Overview of Hadoop archives

Storing a large number of small files in HDFS leads to inefficient utilization of space – the namespace is overutilized while the disk space might be underutilized. Hadoop Archives (HAR) address this limitation by efficiently packing small files into large files without impacting the file access.

The Hadoop Distributed File System (HDFS) is designed to store and process large (terabytes) data sets. For example, a large production cluster may have 14 PB of disk space and store 60 million files.

However, storing a large number of small files in HDFS is inefficient. A file is generally considered to be "small" when its size is substantially less than the HDFS block size. Files and blocks are name objects in HDFS, meaning that they occupy namespace (space on the NameNode). The namespace capacity of the system is therefore limited by the physical memory of the NameNode.

When there are many small files stored in the system, these small files occupy a large portion of the namespace. As a consequence, the disk space is underutilized because of the namespace limitation. In one real-world example, a production cluster had 57 million files less than 256 MB in size, with each of these files taking up one block on the NameNode. These small files used up 95% of the namespace but occupied only 30% of the cluster disk space.

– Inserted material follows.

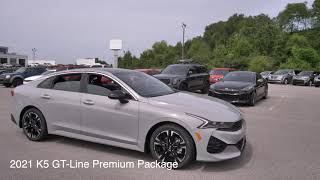 2021 Forte GT-Line vs 2021 K5 GT-Line Premium|Parkside Kia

Hadoop Archives (HAR) can be used to address the namespace limitations associated with storing many small files. HAR packs a number of small files into large files so that the original files can be accessed transparently (without expanding the files).

HAR increases the scalability of the system by reducing the namespace usage and decreasing the operation load in the NameNode. This improvement is orthogonal to memory optimization in the NameNode and distributing namespace management across multiple NameNodes.

Hadoop Archive is also compatible with MapReduce — it allows parallel access to the original files by MapReduce jobs.